La première question se réfère aux rapports humains. Est-ce qu'il y a des attitudes plus attractives que celles basées sur la rationalité égocentrique et capables d'engendrer un système informel d'autogestion pour prévenir les abus de pouvoir et les prises d'influences, véritables fléaux actuels ? Tant que ce problème reste irrésolu, les acteurs, munis d'une rationalité égocentrique, font valoir leur influence pour s'imposer, pour imposer leurs intérêts et empêcher des changements nécessaires. Sans attitudes alternatives et attractives, ils s'accrochent à leur état d'esprit et restent convaincus que ce monde se pliera à leur vision au-delà de toute forme d'effondrement.

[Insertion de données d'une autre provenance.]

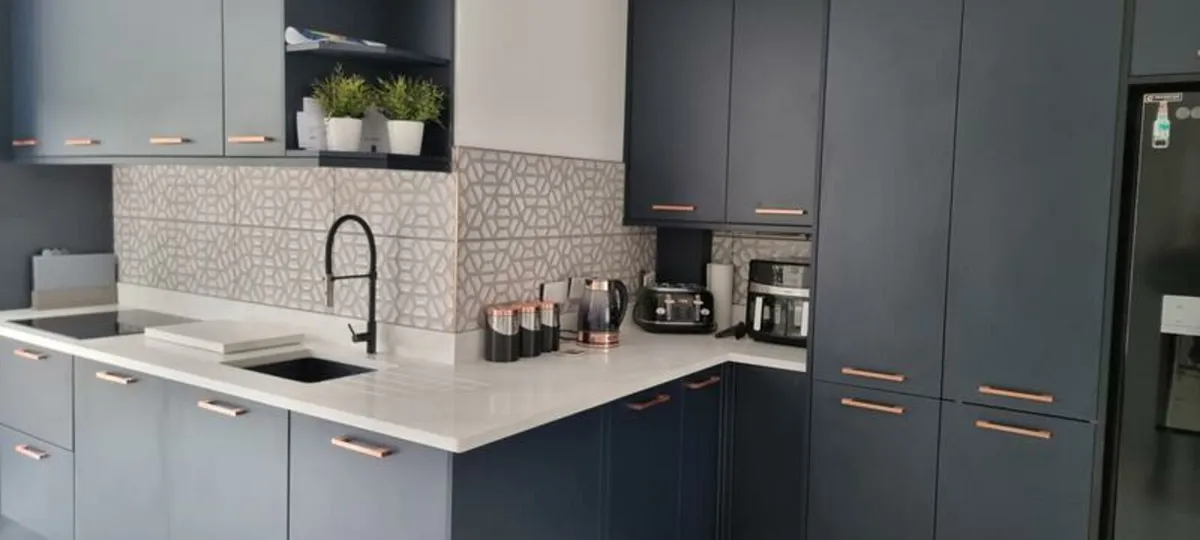 Selection of clearance tiles - Image 3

La deuxième question-clé se réfère aux dilemmes sociaux. Dans ces situations, la rationalité égocentrique ne saisit qu'en partie le contexte complexe ou dynamique. Son attention se concentre surtout sur elle-même et ne prend en compte que les conséquences à court terme. Les intérêts des autres ne sont pas pris en compte, les intérêts collectifs sont totalement ignorés, et les conséquences à moyen et long terme sont masquées. Dans de telles situations, sa façon de ramasser les informations et leur traitement, s'avère être défectueuse. Pour cette raison, ce « traitement de l'information » entraîne souvent des effets désastreux, tant sur le plan individuel que collectif. La deuxième question-clé peut être formulée ainsi : Comment s'assurer que les aspects cruciaux de la situation seront perçus et leurs connexions comprises avant qu'une décision soit prise ?

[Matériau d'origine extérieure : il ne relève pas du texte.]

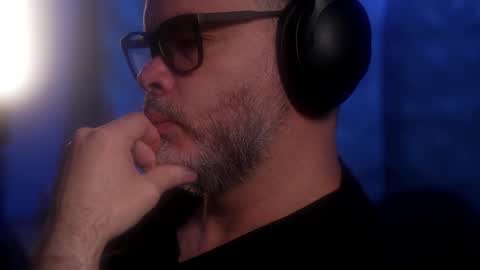 Snapshot of sanders_white chatting on 8, 10, 2025 Sanders online show from 8, 10, 2025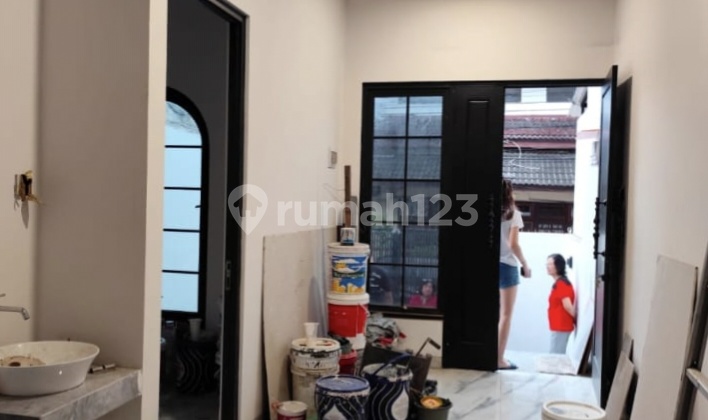 Jual Rumah Sdh Renovasi Total di Tanah Mas 2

Tertio : Après 250 années d'une démarche promettant le bonheur par le progrès, l'humanité est arrivée à un terme. Mené par la rationalité égocentrique, ce projet historique, qui aspirait au bonheur par un bien-être matériel, a engendré des rétroactions énormes, par exemple des sociétés fragmentées, des ressources biologiques dégradées et des phénomènes fortement préoccupants de dégénérescence de l'espèce humaine. L'humanité est arrivée à un point crucial de son histoire. Elle doit se protéger contre toute sorte de rétroaction non considérée, aggravant sa situation. À cela se réfère la troisième question-clé : Comment s'assurer qu'un projet proposé pour sortir de l'impasse contemporaine ne déclenche pas de rétroactions détériorant encore plus la situation de l'humanité ?
Le chemin paisible-évolutionnaire répond aux trois questions-clés, c'est là sa raison d'être d'un point de vu occidental.